Sure, I wanted these babies, but I also wanted to pursue my dream of becoming a pharmacist. In my third trimester, I had no choice but to drop my classes. A couple months later, Amber and William were born.
After college, Frank worked to pay the bills while I stayed at home with our young ones. My post-partum depression was further amplified by my desire to follow in my grandfather’s footsteps. I knew I was a good mommy, tending to my infant’s needs with many restless nights. This didn’t stop me from the burning need to finish what I had started.
Having a daughter I found it extremely important to show her that it were possible. I needed her to know that she didn’t have to just be mother. She could have her dreams and they could be whatever she wanted. We tend to model those we watch as children, I wanted her to see me achieve my dreams. I also wanted my son to understand that women are much more than caregivers. We are independent, and have our own goals outside of the family.
I often fantasized about being Super Mom, juggling my college career with the needs of two young children. But Frank worked long hours. I knew if I were to make my dreams a reality, I’d have to enlist the help of others. My extended family all had families of their own and weren’t available to help. I researched my options online and discovered a network of babysitters and nannies fully capable.

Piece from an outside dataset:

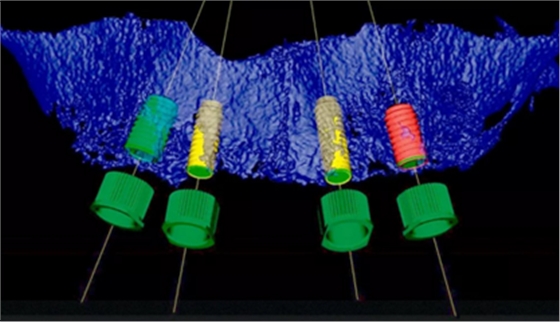 CARES?綜合的數字化解決方案---3D打印全程導板引導下植入病例一例 CARES?綜合的數字化解決方案---3D打印全程導板引導下植入病例一例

After locating a few suitable professionals, I conducted interviews, introduced them to my kids, and selected a fantastic woman with a great demeanor. Soon, I found I had more time than I could ever possibly know what to do with. I re-enrolled in my studies and learned more about medicine. Having the nanny helped me to find the perfect balance.

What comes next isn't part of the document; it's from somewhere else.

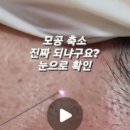 플라즈마뷰티플러스업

The nanny offered peace of mind in the rearing of my children so I could focus on my studies and take care of our home while Frank worked day in and day out. I called the plumber when the bathroom sink wouldn’t drain. The tech guy paid a visit to fix our downed internet connection. Terminix pest control sent out a worker to spray around the base of our home as a preventive measure. After spending all my time consumed with raising twins, I found myself getting things done after finding a caretaker to help out. And all the while, I prepped myself for graduation.
My kids are now teenagers with very different personalities. They’re always on the go, constantly checking in with me and offering love in the way teens do. Amber dreams of following in her parents footsteps and pursuing a career in pharmaceuticals. William, well he has a girlfriend and she has dreams. Right now I think he is just interested in her. I look at my family and my career and know the success I’ve achieved. I have successfully been wife, mother, mentor and professional.
How do you multi-talented moms accomplish your dreams?